**DATA SECTION:**

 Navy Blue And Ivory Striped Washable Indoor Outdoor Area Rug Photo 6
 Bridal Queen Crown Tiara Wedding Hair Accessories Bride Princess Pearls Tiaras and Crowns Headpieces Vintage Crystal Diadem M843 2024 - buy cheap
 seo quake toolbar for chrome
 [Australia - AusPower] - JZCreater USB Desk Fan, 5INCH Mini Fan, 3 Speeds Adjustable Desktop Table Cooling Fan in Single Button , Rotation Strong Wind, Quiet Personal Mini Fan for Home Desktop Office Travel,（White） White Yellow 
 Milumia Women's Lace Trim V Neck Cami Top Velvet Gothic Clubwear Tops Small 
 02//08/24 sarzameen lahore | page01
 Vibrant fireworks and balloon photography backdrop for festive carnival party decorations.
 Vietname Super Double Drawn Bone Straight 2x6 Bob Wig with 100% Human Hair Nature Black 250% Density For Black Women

**WORK TASK:**
From the very first line of the records down to the line with "seo quake toolbar for chrome", please write out each line exactly, including both ends and no other lines.

**YOUR SOLUTION:**
 Navy Blue And Ivory Striped Washable Indoor Outdoor Area Rug Photo 6
 Bridal Queen Crown Tiara Wedding Hair Accessories Bride Princess Pearls Tiaras and Crowns Headpieces Vintage Crystal Diadem M843 2024 - buy cheap
 seo quake toolbar for chrome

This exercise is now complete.